'The Memoirist Enacts an Evolution of Perception': An Interview with Melissa Febos

The author of Abandon Me on queer world-building IRL and on the page, writerly toolkits and the freedom of abandoning all sense of chill in romantic relationships.

December 13, 2017

Laura Clarke is the author of Decline of the Animal Kingdom, one of the National Post’s and Globe and Mail’s Best Books of 2015. You can find her...

Melissa Febos’s debut memoir, Whip Smart (St. Martin's Griffin), chronicled her double life as a successful university student and heroin-addicted dominatrix. Nuanced and highly perceptive, it’s a queer, feminist book on BDSM. Peel back the layers of the seven interconnected essays in her latest work of non-fiction, Abandon Me (Bloomsbury), and you’ll find many of the thematic concerns that compelled Febos in her first book: reconciling multiple identities, exploring the complexities and contradictions of human sexuality and romantic love, recognizing the continuity and connection between our bodily and intellectual selves.

While the primary plot of Abandon Me follows the author’s obsessive love affair with a married woman, Febos also gets intertextual with Winnicott and Freud, meditates on her brother’s bipolar disorder diagnosis, and mounts an enthusiastic defense of hickeys. Abandon Me is also a tale of two fathers: one, her adoptive sea captain father, the other her birth father, whose re-emergence in her life as an adult connects her to her own Indigenous heritage. Febos’s latest memoir is a non-linear adventure in healing, a text that recognizes personal stories have the ability to influence collective memory, build worldviews and shape what we perceive as history.

Laura Clarke: One of the many things I loved about Abandon Me was how this fully realized queer universe exists without explanation or instruction to a straight audience. You discussed your sexuality openly in your last book, but by virtue of exploring a job that caters to the desires and gaze of predominantly straight men, it had a different texture and approach. Three quarters of the way into Abandon Me, you mention offhandedly that your mother is also bisexual. The text seems like an exercise in queer world-building to me, which is an inherently political act.
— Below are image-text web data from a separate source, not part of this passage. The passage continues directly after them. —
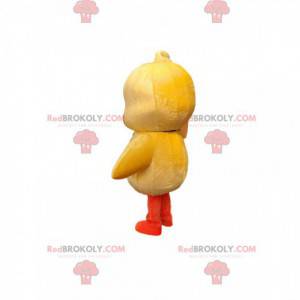 Veldig søt gul chick maskot. Kyllingdrakt - Redbrokoly.com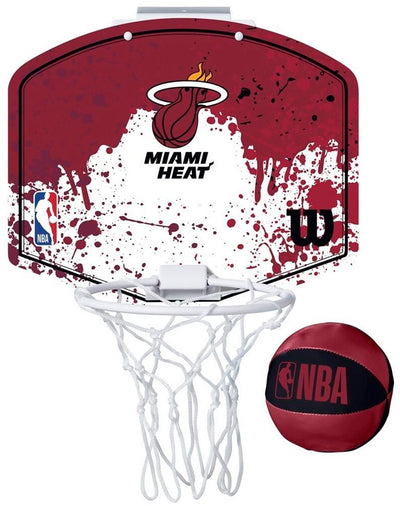 Wilson NBA Team Mini Hoop Team Miami Heat für Sportfanzone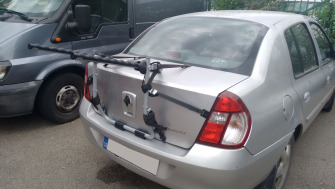 Renault Clio Symbol suport bicicleta Menabo Biki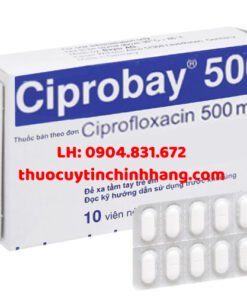 Thuốc Ciprobay 500 giá bao nhiêu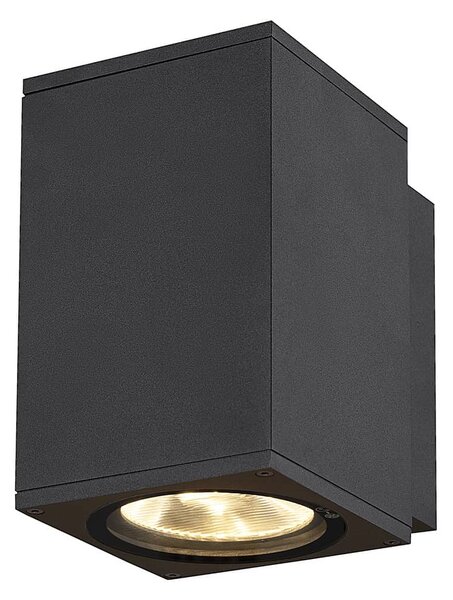 SLV 1003417 Enola Square M, venkovní nástěnné svítidlo, LED 10W 3000/4000K, antracit, výška 16cm, IP65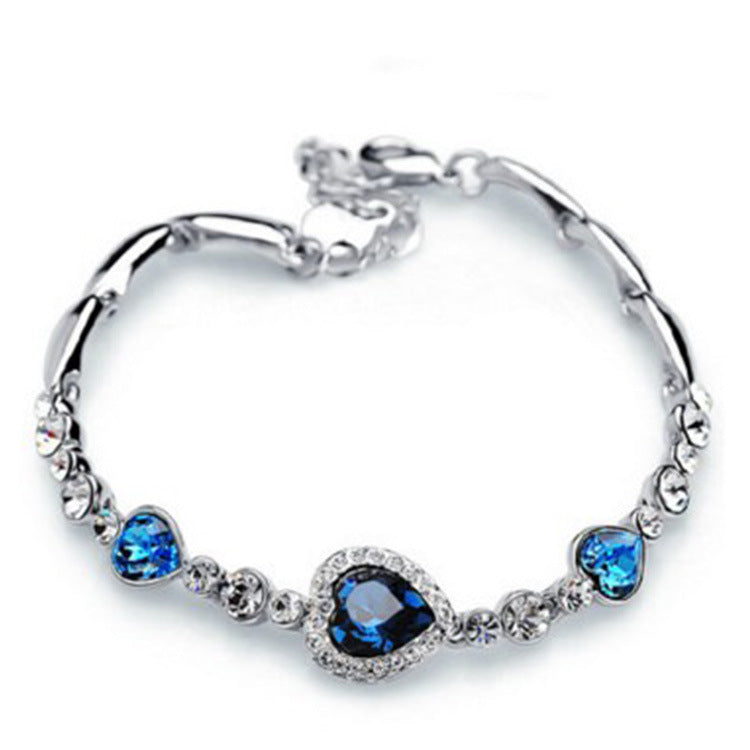 Ladies Love Blue Crystal Zircon Jewelry Set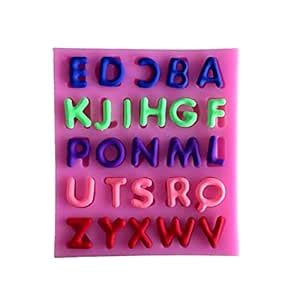 3D Silicone Mold Letters For Chocolate Cake DIY Biscuits Ice Mold Food ...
Melissa Febos: Thank you so much! That makes me feel really good. I mean, on one hand, it saddens me that taking my queer life for granted as something that doesn’t require explanation or need to be the subject of any story in which it exists is radical or political. I also recognize that it is. On the other hand, I am so happy that I’m able to embody that for myself and subsequently model it for my readers. I do take the queerness of myself and life for granted, in the sense that I don’t question it and I don’t feel a need to justify or explain it.

Representation of that perspective in my writing is an exercise (in a straight world, that is), but in my life it’s not, and that’s both a gift and a reward. It’s a reward for having spent a lot of time and energy building a life in which I’m surrounded by people who share and/or accept queerness, and a reward for building an acceptance and knowledge of self that feels very safe on the interior. It’s a gift in that it’s a result of having been raised by people who always accepted me as I am, and encouraged and reinforced my expression and acceptance of self. My mother gave me a lot of the tools that have helped me build this life for myself. It’s also a gift to live in a time where I have the resources and freedom to cultivate all of that.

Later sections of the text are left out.